Riemer told Bethesda Beat Wednesday evening that his campaign is trying to resolve a discrepancy involving credit card processing fees.

“We just have a very small discrepancy in some of the processing fees, and we’re trying to figure out why,” Riemer said. 

Riemer said his team plans to file a request for a waiver with the state elections board. A representative with the state elections boardconfirmed Thursday that Riemer had not yet filed a request for a waiver. 

Riemer has accrued fines of $20 per day late, which increased to $35 per day Tuesday under current law. The fines are up to $210 as of Thursday.

Riemer came in third place in the Democratic primary and conceded a day after Election Day, finishing with just under 20% of the vote. Incumbent Marc Elrich defeated second-place challenger David Blair by 32 votes. Elrich will face Republican Reardon Sullivan in the Nov. 8 general election.

Riemer relied on the county’s public campaign finance system, created nearly eight years ago. Under that program, candidates for county executive and County Council can qualify for public matching funds if they agree to limit individual private contributions to no more than $250, and not to accept donations from corporate entities or political action committees (PACs).

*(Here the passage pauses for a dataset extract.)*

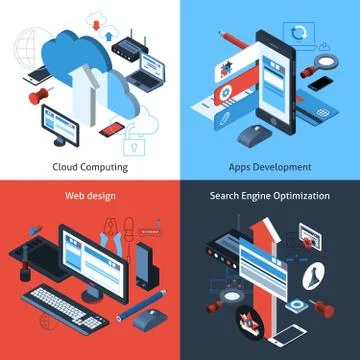 Isometric Computing Set Stock Illustration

Elrich also used this system. Elrich’s primary campaign took in a little over $1 million: In return for raising slightly more than $250,000 in small private donations, it qualified for the $750,000 maximum public subsidy per election authorized for county executive candidates.

In a disclosure statement filed Aug. 30 with the State Board of Elections, the Elrich campaign reported spending nearly $393,000 in the period from July 4 through Aug. 23, with most of that money spent or obligated in the period leading up to the July 19 primary. Combined with previously reported spending of $607,000 since he announced his bid for a second term in the summer of 2021, Elrich’s primary campaign spent an overall total of about $1 million.

Blair spent a total of $6.55 million on his campaign. The former health care services company executive reported pumping nearly $1.38 million of his own money into the campaign in its closing weeks. Added to $4.8 million in his personal funds previously directed to the 2022 campaign, it brought his total self-financing this time to just under $6.18 million, or $780,000 more than what he sunk into his 2018 candidacy.